Quantum Motion’s QPU utilizes a tile-based architecture, integrating compute, readout, and control elements into a repeatable pattern on the chip. This design not only facilitates scalability but also allows for straightforward upgrades by swapping in next-generation QPUs. For instance, organizations can adopt more advanced quantum processors without overhauling their infrastructure. The company’s focus on cryoelectronics—integrating qubits with control circuits that operate at cryogenic temperatures—further supports extreme scaling, addressing one of the biggest challenges in quantum computing today.
“The NQCC is accelerating UK quantum capabilities by evaluating a number of diverse hardware platforms by leading companies worldwide. The successful installation of Quantum Motion’s system marks an important step forward in the NQCC’s quantum computing testbeds initiative.”
— Dr Michael Cuthbert, Director of NQCC
Real-World Impact and Collaboration
The deployment at the NQCC, a key part of the UK’s National Quantum Technologies Programme (NQTP), positions Quantum Motion as a leader in silicon quantum computing. The NQCC collaborates with businesses, government, and researchers to scale quantum technologies, and this system will undergo rigorous testing to map real-world applications onto its architecture. For example, potential applications include faster drug discovery in healthcare and optimized energy grids for clean energy, as highlighted by UK Science Minister Lord Vallance. Quantum Motion’s interdisciplinary team of over 100 specialists across the UK, US, Australia, and Spain drives this innovation, combining expertise in quantum theory, hardware, and software engineering.

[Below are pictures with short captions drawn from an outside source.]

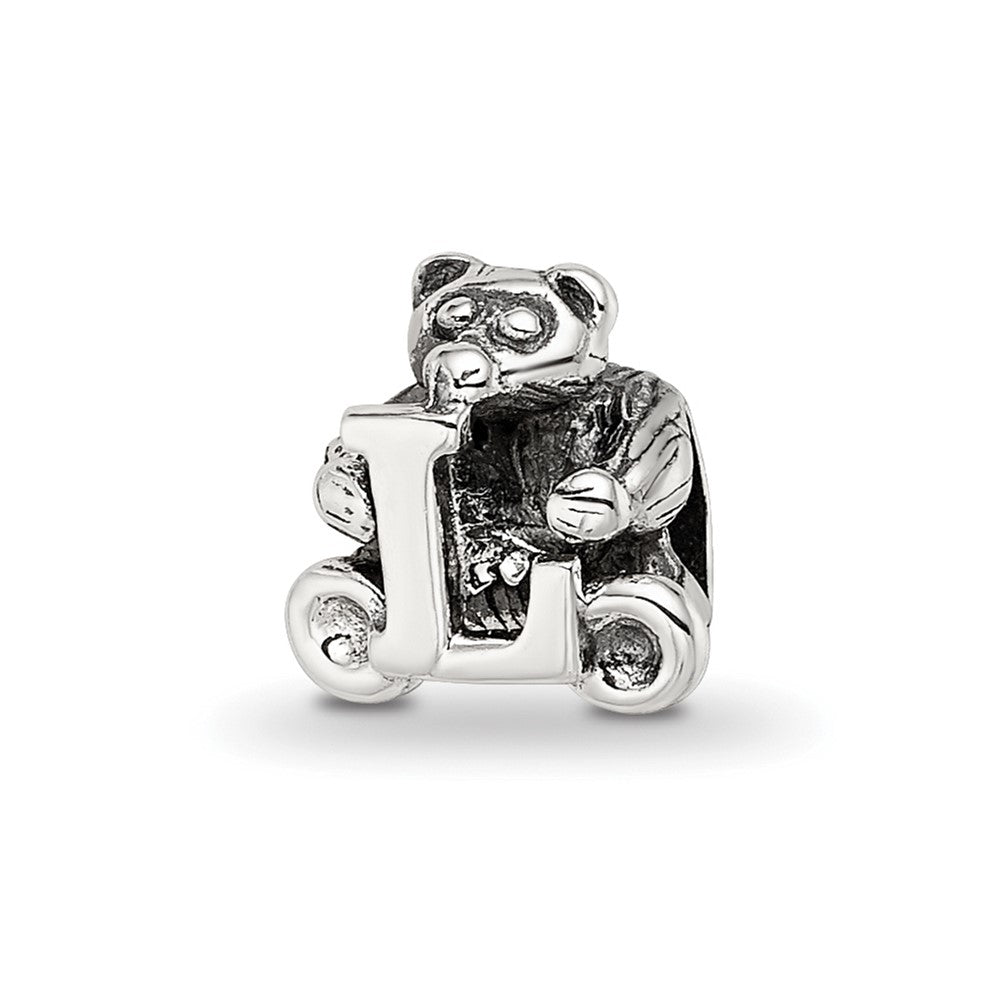 Sterling Silver Reflections Kids Letter L Bead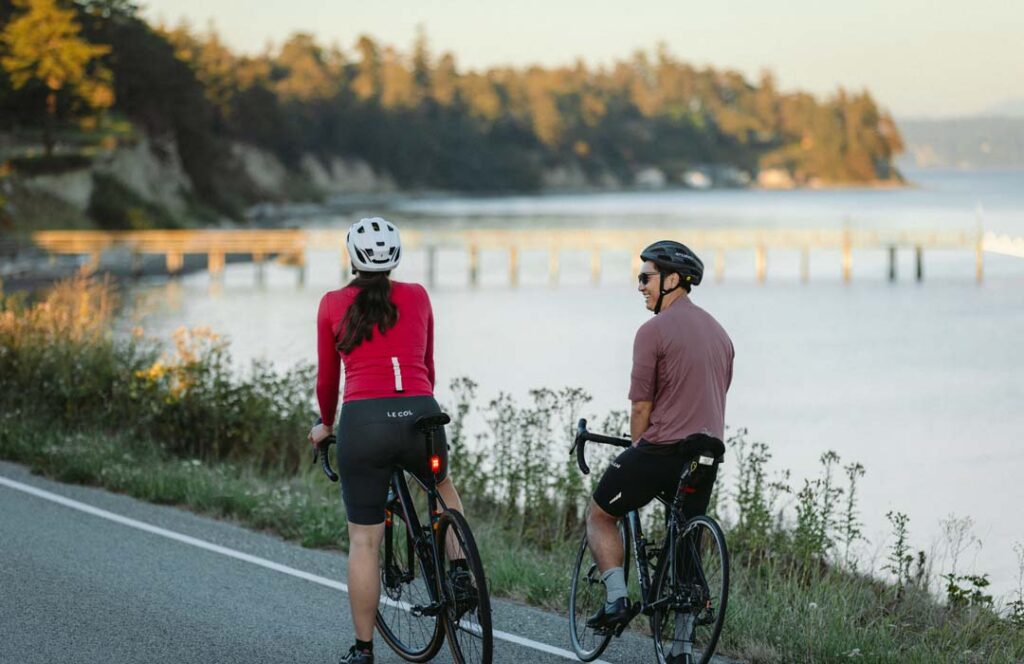 Bike riders on Scenic heights Rd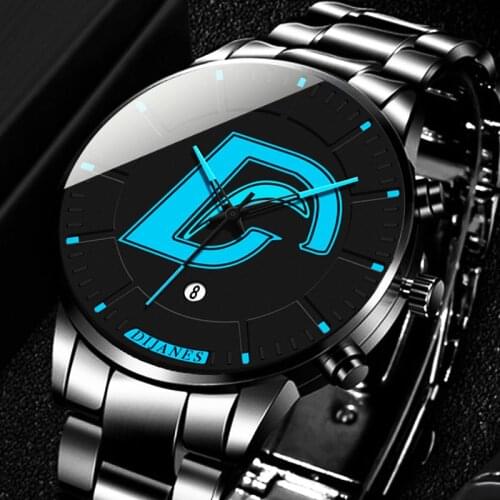 2021 minimalistischen Herren Edelstahl Uhren Luxus Mode Manner Kalender Quarzuhr Business Casual Mann Uhr Reloj Hombre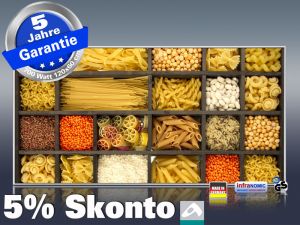 Infrarot Bildheizung 700 Watt 120x60 M10-SL Nudeln und H�lsenfr�chte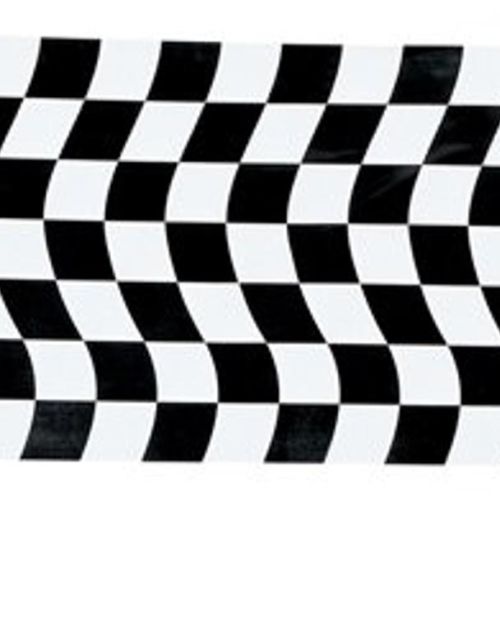 Black & White Checkered Flag Jumbo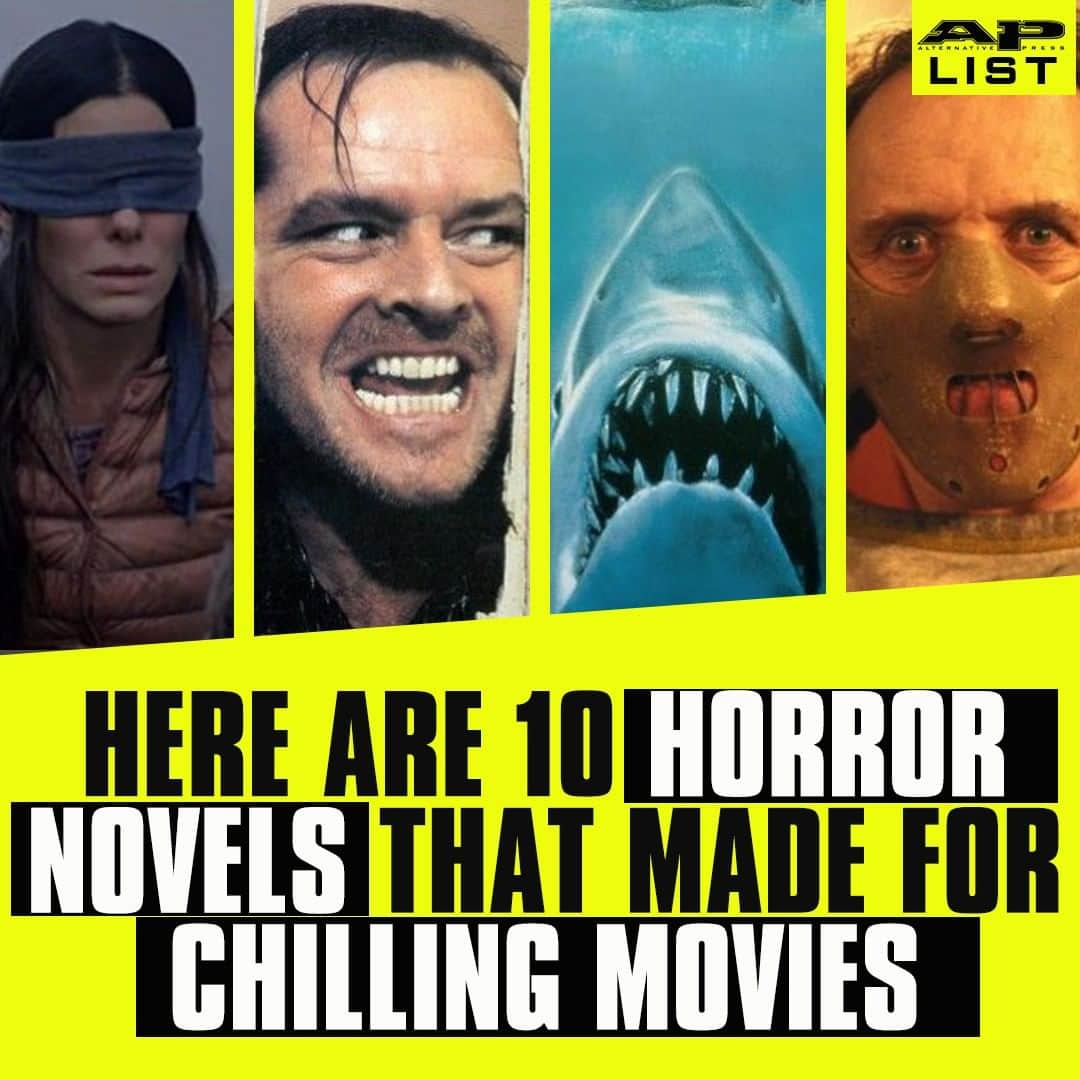 Alternative Pressさんのインスタグラム写真 - (Alternative PressInstagram)「From @netflix’s ‘@birdboxmovie’ to Stephen King’s ‘The Shining,’ some of the most terrifying films were novels first📚 👻⁠ LINK IN BIO⁠ .⁠ .⁠ .⁠ #birdbox #netflix #netflixoriginal #theshining #stephenking #stephenkingnovels #stephenkingmovies #jaws #silenceofthelambs #horror #horrormovies #horrorfilms #horrornovels #horrorbooks #alternativepress #altpress」7月20日 1時01分 - altpress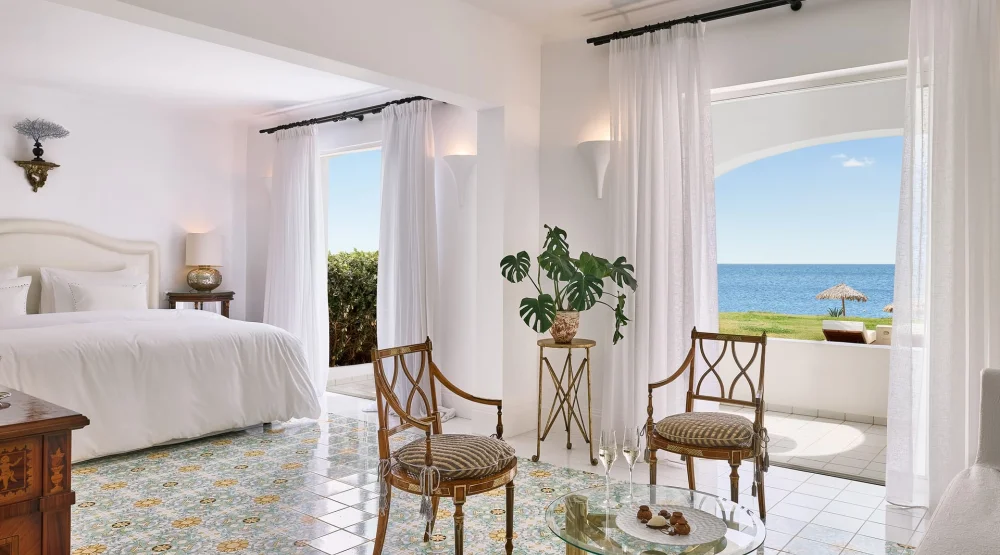Two Bedroom Beach Villa Seafront at Caramel, A Resort to Live Crete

“Our National Quantum Computing Centre offers a unique space for innovators to trial new quantum technologies. This new form of quantum computer from Quantum Motion will take this groundbreaking technology another step closer to commercial viability – which could help support healthcare with faster drug discovery or clean energy by optimising energy grids.”
— Lord Vallance, UK Science Minister
Quantum Motion’s efforts extend beyond the NQCC, with involvement in the SiQEC silicon quantum error correction project and DARPA’s Quantum Benchmarking Initiative (QBI). By focusing on fault-tolerant systems, the company aims to solve intractable problems in fields like chemistry, materials science, and artificial intelligence. With this delivery, Quantum Motion is poised to bring commercially viable quantum computers to market this decade, offering a scalable, user-centric solution that could redefine computing. To explore this technology further, stakeholders can engage with Quantum Motion’s platform at the NQCC or through their ongoing projects.